*** Data under study Section Begins ***
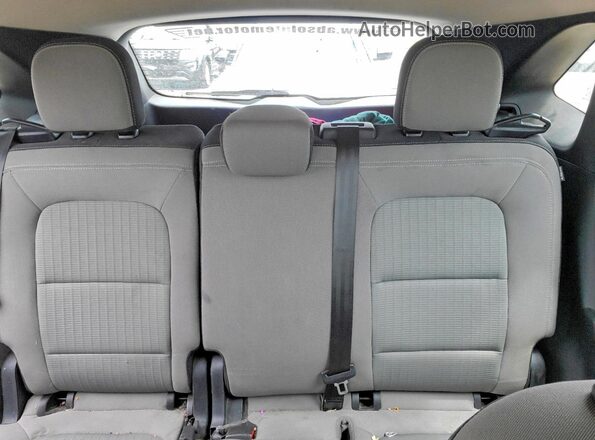 1FMCU0F60LUA48801 2020 FORD ESCAPE White Rear seats view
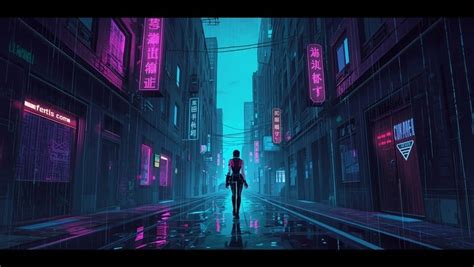 neon cyberpunk alley image cyberpunk neon pixel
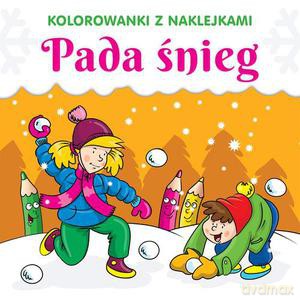 Kolorowanki z naklejkami. Pada śnieg [KSIĄŻKA]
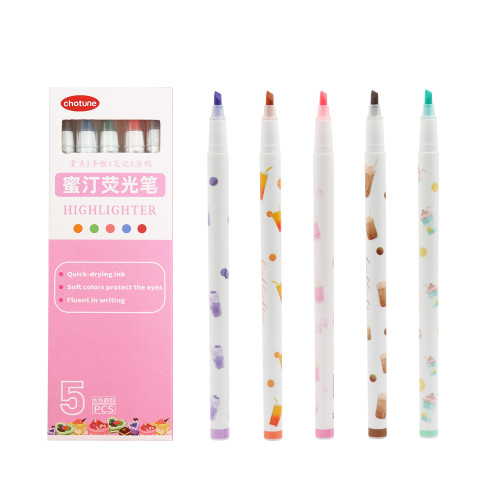 Guowei Highlighter Pen|Water Based Ink Highlighter Pen|OEM|ODM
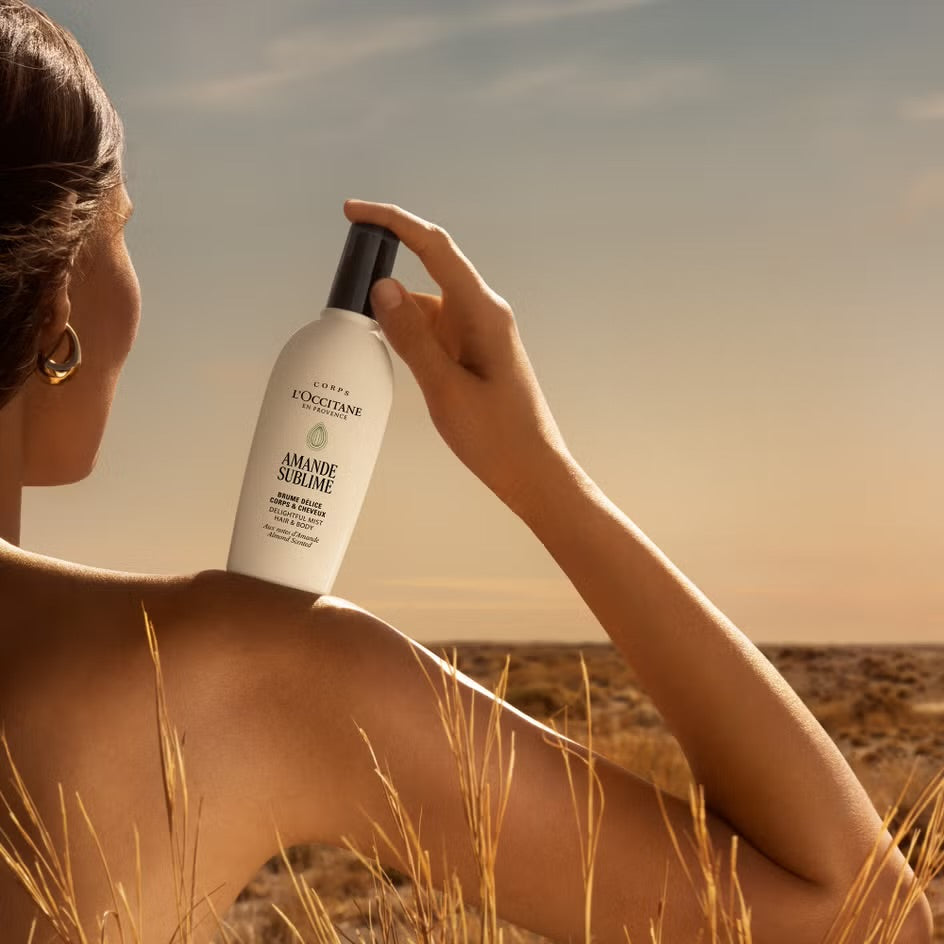 L'Occitane 
Amande Body & Hair Mist 🤍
*** Data under study Section Ends ***
* _Work task_: Repeat the entries exactly, without pictures.

* _Task response_:
 1FMCU0F60LUA48801 2020 FORD ESCAPE White Rear seats view
 neon cyberpunk alley image cyberpunk neon pixel
 Kolorowanki z naklejkami. Pada śnieg [KSIĄŻKA]
 Guowei Highlighter Pen|Water Based Ink Highlighter Pen|OEM|ODM
 L'Occitane 
Amande Body & Hair Mist 🤍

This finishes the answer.